Directions for this task - Please reproduce the lines from the one containing "Claiborne T-Weave Men's" through the end of the data below exactly as they stand, and omit all pictures.

Raw data -

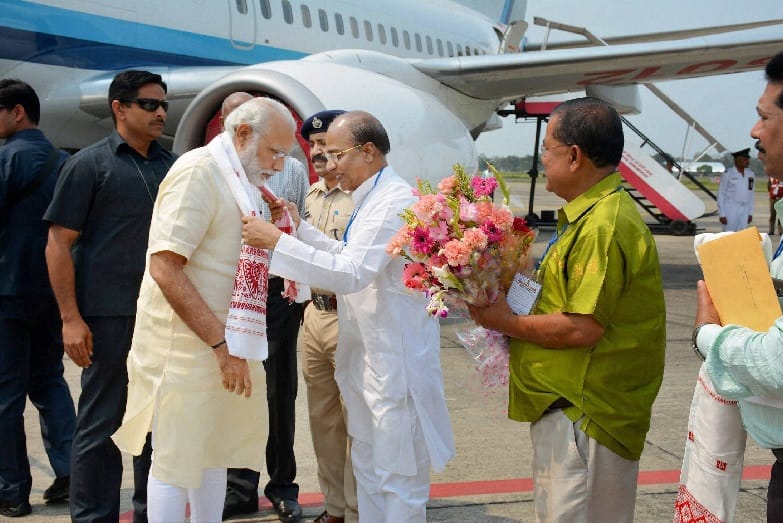 Assam assembly election: Narendra Modi looks in different styles during election campaign launching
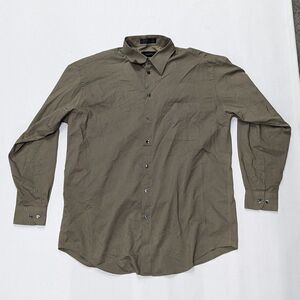 Claiborne T-Weave Men's Button-Down Green Large 34/35 Shirt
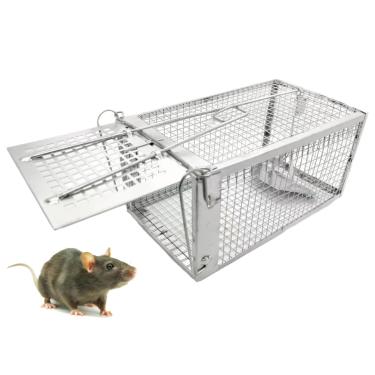 Imagem de PIXESTT Ratoeira Viva, Conjunto de armadilha para animais de 1 peça Adequado para pegar ratos, hamsters, armadilhas para ratos animais de estimação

Output of the task -
 Claiborne T-Weave Men's Button-Down Green Large 34/35 Shirt
 Imagem de PIXESTT Ratoeira Viva, Conjunto de armadilha para animais de 1 peça Adequado para pegar ratos, hamsters, armadilhas para ratos animais de estimação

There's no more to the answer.